"""

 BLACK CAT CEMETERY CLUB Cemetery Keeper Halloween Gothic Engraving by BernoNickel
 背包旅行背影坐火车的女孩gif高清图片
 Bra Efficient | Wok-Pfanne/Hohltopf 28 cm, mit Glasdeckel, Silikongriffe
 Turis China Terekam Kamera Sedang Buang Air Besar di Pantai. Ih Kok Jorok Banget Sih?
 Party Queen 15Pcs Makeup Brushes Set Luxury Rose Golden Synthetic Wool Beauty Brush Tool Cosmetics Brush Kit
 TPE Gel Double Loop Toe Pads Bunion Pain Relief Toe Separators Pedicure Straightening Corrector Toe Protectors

"""
"""

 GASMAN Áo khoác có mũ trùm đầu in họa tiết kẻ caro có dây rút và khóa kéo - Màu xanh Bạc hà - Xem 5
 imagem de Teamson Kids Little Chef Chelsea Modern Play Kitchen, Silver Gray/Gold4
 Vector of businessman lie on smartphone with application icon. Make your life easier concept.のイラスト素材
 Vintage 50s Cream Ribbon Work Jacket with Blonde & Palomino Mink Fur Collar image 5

"""

▸ Task objective: Send back an exact copy of only the lines from the line with "Party Queen 15Pcs" up to and including the line with "TPE Gel Double" in the data above.

▸ Solution:
 Party Queen 15Pcs Makeup Brushes Set Luxury Rose Golden Synthetic Wool Beauty Brush Tool Cosmetics Brush Kit
 TPE Gel Double Loop Toe Pads Bunion Pain Relief Toe Separators Pedicure Straightening Corrector Toe Protectors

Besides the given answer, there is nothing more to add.